After 2 small phase III trials in minimally symptomatic metastatic castration-resistant prostate cancer (mCRPC), sipuleucel-T showed no change in time to progression (the primary end point of each study). However, a preplanned secondary analysis suggested an improvement in overall survival.4,5 A third larger trial was then initiated, with survival as the primary end point. This trial enrolled essentially the same patient population as the previous trials: those with good functional status and asymptomatic or minimally symptomatic mCRPC. The patients (n=512) were randomized 2:1 in favor of sipuleucel-T. The results of this study showed an improvement in overall survival (25.8 vs. 21.7 months; P=.032) and subsequently led to FDA approval, representing the first approval of a therapeutic cancer vaccine.6 Once again, no change in time to progression was seen.

Despite its status as a first-in-class agent and its negligible toxicity profile, sipuleucel-T has not yet been widely embraced by practitioners who treat prostate cancer.

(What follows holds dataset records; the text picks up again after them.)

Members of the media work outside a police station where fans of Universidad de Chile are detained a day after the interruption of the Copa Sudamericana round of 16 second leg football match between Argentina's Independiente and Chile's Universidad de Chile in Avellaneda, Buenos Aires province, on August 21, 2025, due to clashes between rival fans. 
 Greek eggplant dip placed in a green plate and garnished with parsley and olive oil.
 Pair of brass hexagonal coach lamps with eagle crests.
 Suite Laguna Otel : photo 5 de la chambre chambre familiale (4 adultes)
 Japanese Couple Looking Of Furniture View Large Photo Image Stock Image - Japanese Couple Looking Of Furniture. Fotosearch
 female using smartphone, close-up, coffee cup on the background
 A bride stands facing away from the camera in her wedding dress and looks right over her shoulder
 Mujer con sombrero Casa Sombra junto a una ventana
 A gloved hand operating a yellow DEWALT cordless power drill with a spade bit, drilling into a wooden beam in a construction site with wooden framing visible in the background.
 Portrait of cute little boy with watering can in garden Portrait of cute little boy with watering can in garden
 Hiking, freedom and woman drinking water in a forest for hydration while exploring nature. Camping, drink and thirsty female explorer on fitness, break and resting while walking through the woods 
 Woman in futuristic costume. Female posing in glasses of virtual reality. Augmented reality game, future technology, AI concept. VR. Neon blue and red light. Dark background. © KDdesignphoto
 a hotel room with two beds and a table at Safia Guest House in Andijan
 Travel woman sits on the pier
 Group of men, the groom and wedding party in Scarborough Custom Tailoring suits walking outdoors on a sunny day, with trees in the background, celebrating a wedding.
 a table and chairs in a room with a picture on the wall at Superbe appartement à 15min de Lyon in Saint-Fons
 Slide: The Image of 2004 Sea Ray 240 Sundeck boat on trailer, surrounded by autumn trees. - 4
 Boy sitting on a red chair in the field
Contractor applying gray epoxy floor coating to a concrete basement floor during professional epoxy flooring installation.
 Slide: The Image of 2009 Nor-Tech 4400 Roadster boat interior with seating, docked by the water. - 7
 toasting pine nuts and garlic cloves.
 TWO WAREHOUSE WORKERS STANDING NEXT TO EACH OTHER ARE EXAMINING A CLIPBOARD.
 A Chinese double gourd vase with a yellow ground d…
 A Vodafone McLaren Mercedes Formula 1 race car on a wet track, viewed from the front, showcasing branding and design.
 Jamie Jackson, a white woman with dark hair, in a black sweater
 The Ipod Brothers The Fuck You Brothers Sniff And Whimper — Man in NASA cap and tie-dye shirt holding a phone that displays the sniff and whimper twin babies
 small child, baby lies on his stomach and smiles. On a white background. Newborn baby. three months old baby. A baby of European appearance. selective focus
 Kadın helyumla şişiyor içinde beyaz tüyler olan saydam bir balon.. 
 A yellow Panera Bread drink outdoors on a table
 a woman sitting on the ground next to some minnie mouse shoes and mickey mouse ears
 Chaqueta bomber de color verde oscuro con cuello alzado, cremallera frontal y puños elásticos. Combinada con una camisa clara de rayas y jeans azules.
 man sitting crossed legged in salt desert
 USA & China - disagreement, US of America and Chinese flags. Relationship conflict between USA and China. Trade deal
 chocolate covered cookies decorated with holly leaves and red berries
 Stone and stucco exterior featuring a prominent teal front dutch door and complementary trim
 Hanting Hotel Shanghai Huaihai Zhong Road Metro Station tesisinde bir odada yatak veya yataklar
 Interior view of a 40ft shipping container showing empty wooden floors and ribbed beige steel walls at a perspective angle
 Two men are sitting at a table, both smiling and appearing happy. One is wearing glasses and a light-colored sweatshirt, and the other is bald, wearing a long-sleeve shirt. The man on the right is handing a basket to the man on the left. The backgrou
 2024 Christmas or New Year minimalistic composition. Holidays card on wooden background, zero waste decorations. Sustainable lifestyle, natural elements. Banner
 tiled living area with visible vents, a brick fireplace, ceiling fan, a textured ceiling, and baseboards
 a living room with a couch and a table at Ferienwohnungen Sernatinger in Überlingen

Although some investigators have raised speculative concerns about the impact on the control arm of both age (based on subgroup analysis) and possible immune depletion,7 more pragmatic studies have suggested that sipuleucel-T was beneficial for all subgroups (including those classified according to age6). Furthermore, only a clinically insignificant number of lymphocytes are removed during apheresis, and no increased infections were noted in the registration trial.8,9 Along with more practical issues involving logistics, cost, and reimbursement, the lack of early markers of therapeutic benefit has been a major concern. Unlike standard cytotoxic therapies or modern hormonal therapies, sipuleucel-T has not shown an ability to shrink tumor or decrease prostate-specific antigen (PSA) levels in most patients, in apparent contradiction to the ultimate outcome of 2 phase III studies that showed improved survival.4,6 Closer analysis, however, shows that 2 other immune-based therapies have also shown a paradoxical improvement in overall survival without near-term changes in tumor characteristics.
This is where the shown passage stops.